Exercise brief → With pictures excluded, repeat exactly the lines from the one containing "2021 Toyota Sienna XSE 7 Passenger" through the last line of the material below.
+ + + + +
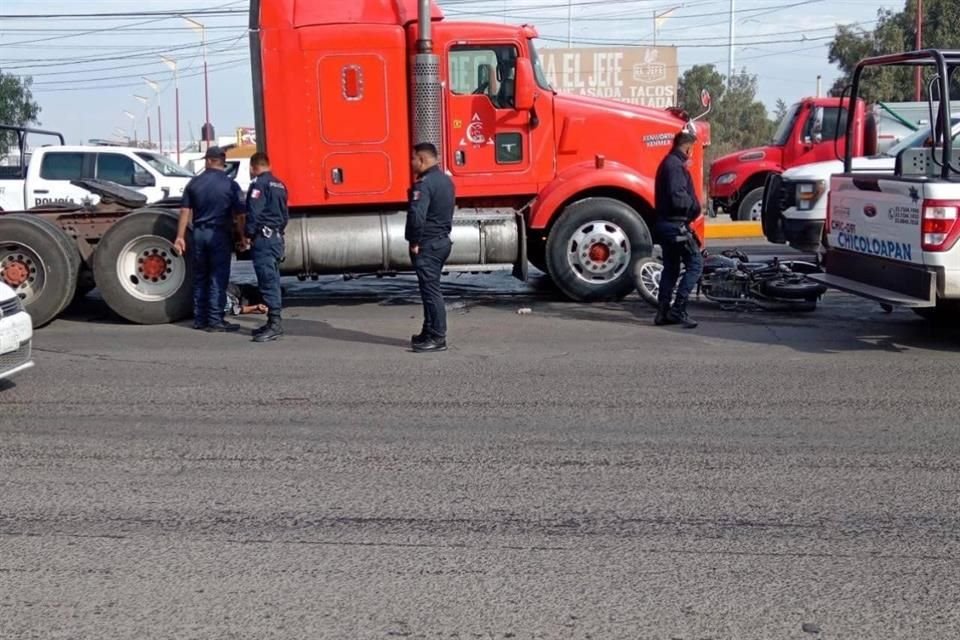 Tras derrapar, el motociclista quedó debajo de las llantas de un tráiler, en la carretera federal México-Texcoco.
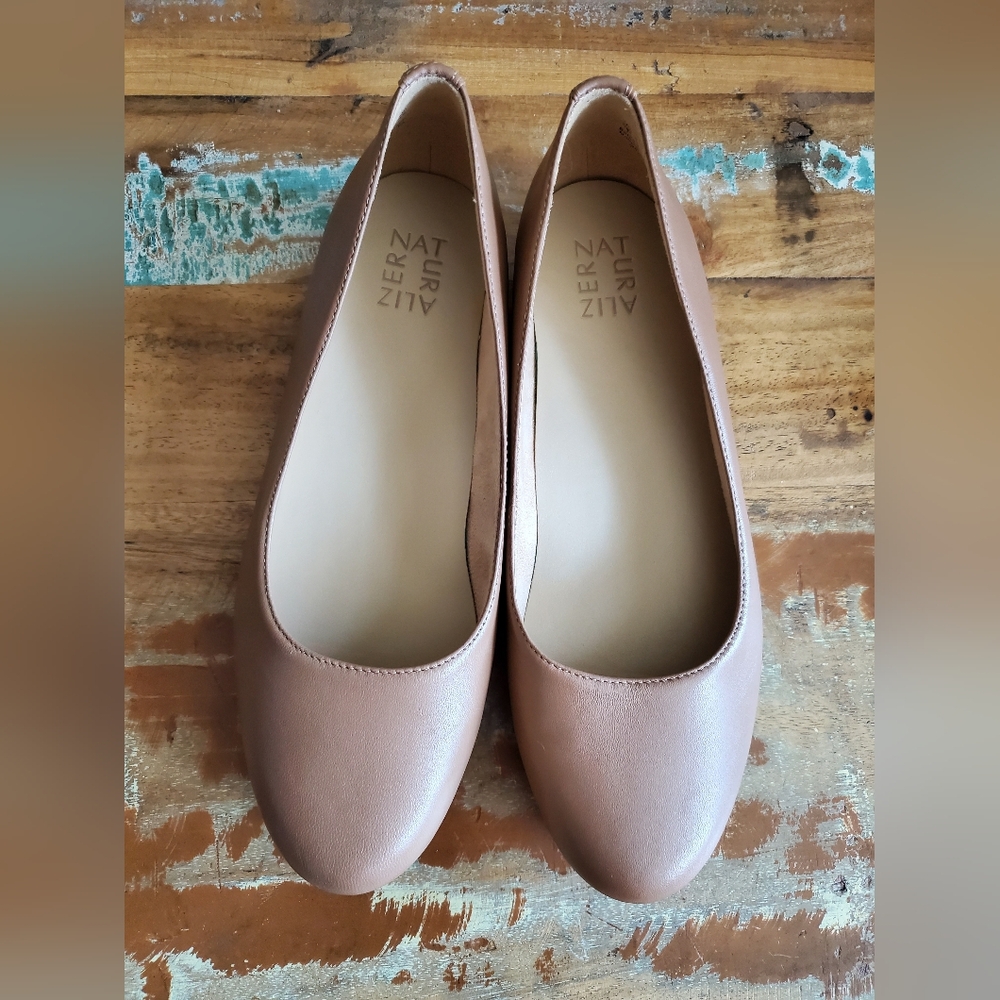 Naturalizer Women’s Light Brown Ballet Flats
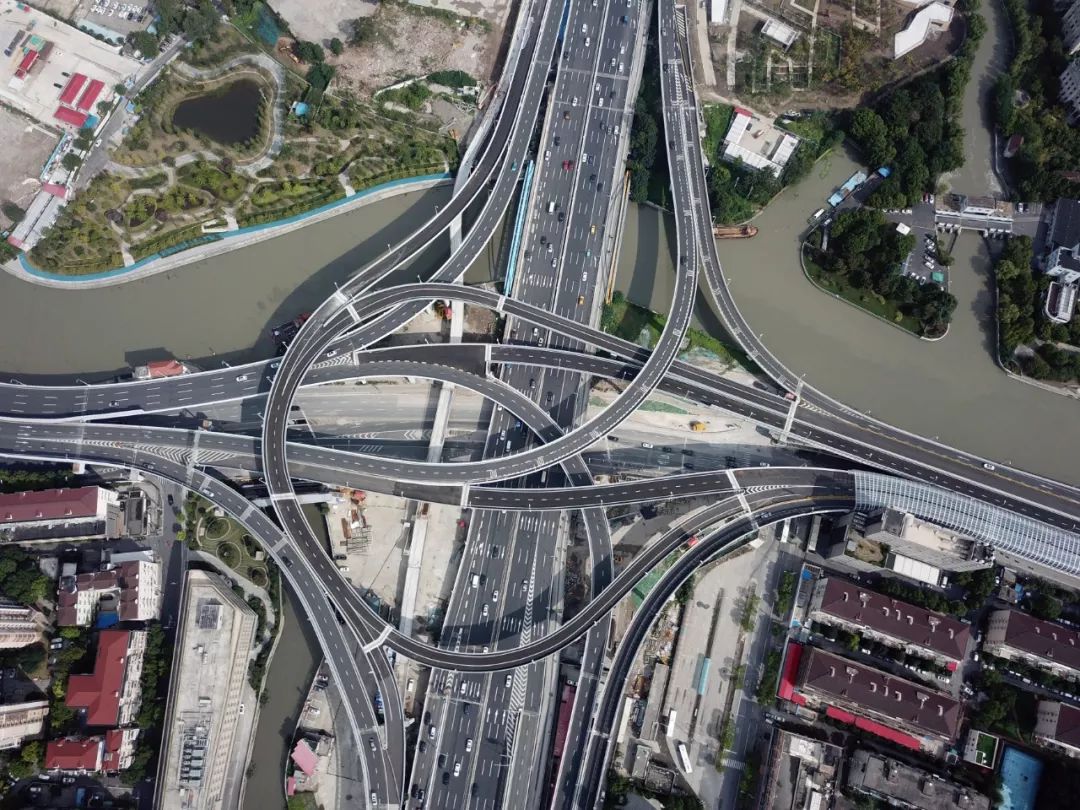 便民北翟路地道北横通道北虹立交部分匝道今日上午通车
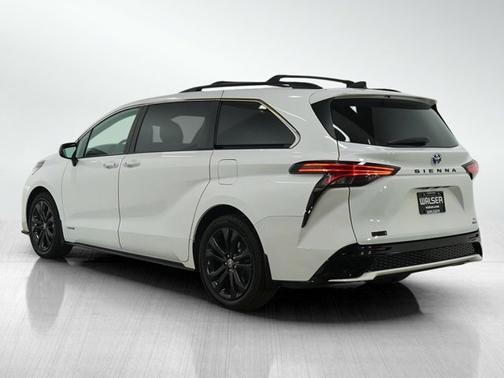2021 Toyota Sienna XSE 7 Passenger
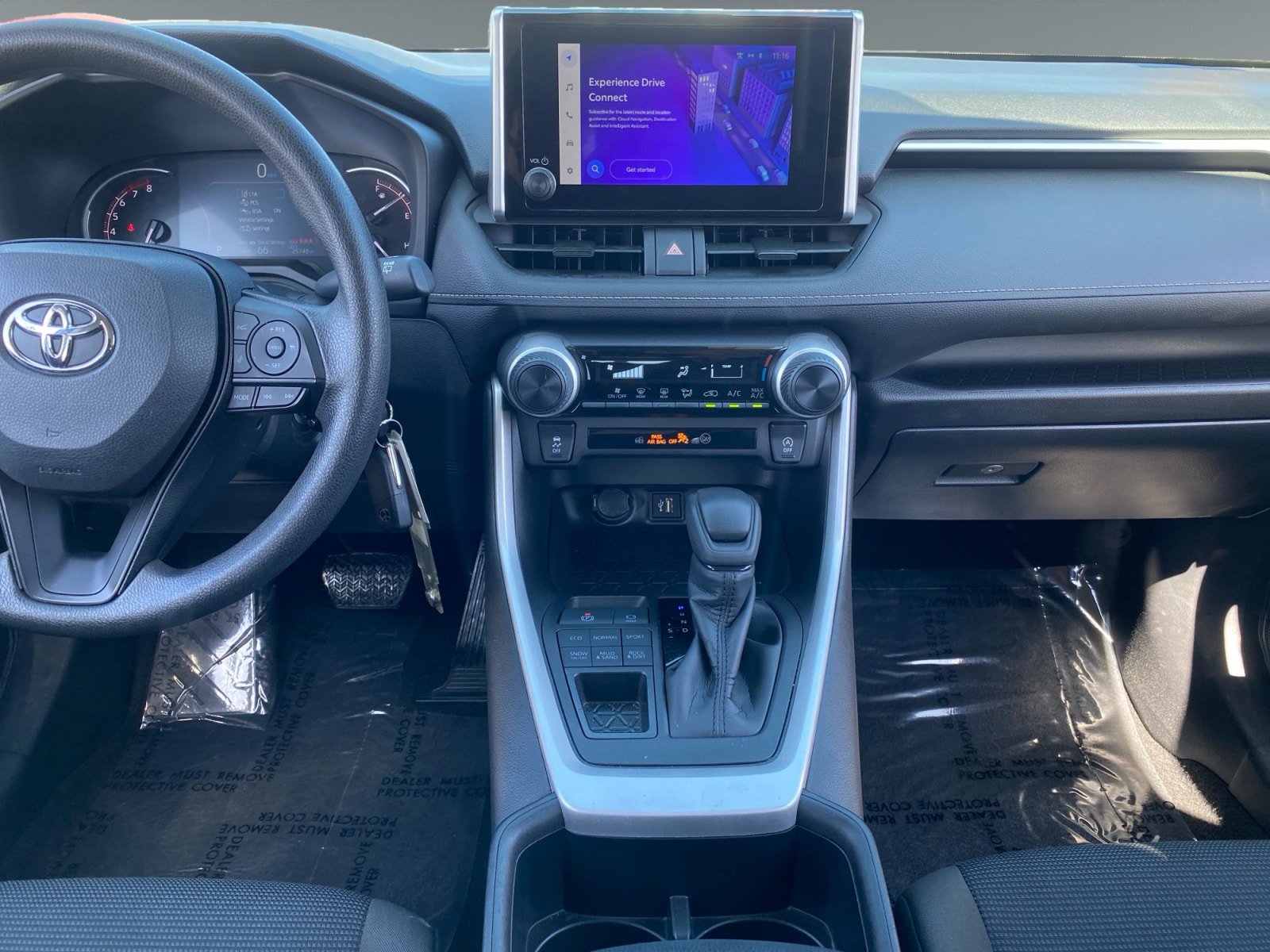Used 2025 Toyota RAV4 LE AWD/4WD image 11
+ + + + +
Your solution →
2021 Toyota Sienna XSE 7 Passenger
Used 2025 Toyota RAV4 LE AWD/4WD image 11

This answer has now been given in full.